* [WHAT IS NEEDED] Find the line containing "3775 HARLOW Rd, Eugene, OR 97401" in the listing below. Repeat it exactly, along with each following line up to and including the one containing "Mercedes-Benz E-Class 2024 из KR, фото 5".

* [DATA UNDER STUDY]
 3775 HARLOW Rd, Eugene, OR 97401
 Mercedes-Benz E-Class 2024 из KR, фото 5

==

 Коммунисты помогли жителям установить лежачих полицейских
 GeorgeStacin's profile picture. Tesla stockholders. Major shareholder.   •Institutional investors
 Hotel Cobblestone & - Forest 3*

* [TASK OUTPUT]
 3775 HARLOW Rd, Eugene, OR 97401
 Mercedes-Benz E-Class 2024 из KR, фото 5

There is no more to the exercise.